Beginning at the line that contains "STAFF SERGEANT", write out every line down to the end of the records, with both ends kept and nothing added.
(Beginning of Supplied entries)
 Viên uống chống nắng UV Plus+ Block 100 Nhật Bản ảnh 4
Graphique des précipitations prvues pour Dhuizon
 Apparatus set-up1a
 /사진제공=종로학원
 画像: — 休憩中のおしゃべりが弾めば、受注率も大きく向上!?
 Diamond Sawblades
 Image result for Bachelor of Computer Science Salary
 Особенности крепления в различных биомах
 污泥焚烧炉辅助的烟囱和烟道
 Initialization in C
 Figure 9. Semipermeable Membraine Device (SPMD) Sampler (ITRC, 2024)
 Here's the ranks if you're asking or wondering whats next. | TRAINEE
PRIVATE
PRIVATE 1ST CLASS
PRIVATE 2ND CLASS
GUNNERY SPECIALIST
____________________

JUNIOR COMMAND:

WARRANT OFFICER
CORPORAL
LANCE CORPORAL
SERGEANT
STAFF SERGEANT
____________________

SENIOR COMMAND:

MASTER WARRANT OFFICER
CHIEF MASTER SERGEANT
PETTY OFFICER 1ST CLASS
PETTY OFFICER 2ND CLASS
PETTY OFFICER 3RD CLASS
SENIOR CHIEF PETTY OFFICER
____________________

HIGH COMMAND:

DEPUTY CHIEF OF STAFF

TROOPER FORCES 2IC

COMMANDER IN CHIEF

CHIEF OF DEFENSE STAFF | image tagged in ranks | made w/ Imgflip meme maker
(End of Supplied entries)
**Output of the task**
STAFF SERGEANT
____________________

SENIOR COMMAND:

MASTER WARRANT OFFICER
CHIEF MASTER SERGEANT
PETTY OFFICER 1ST CLASS
PETTY OFFICER 2ND CLASS
PETTY OFFICER 3RD CLASS
SENIOR CHIEF PETTY OFFICER
____________________

HIGH COMMAND:

DEPUTY CHIEF OF STAFF

TROOPER FORCES 2IC

COMMANDER IN CHIEF

CHIEF OF DEFENSE STAFF | image tagged in ranks | made w/ Imgflip meme maker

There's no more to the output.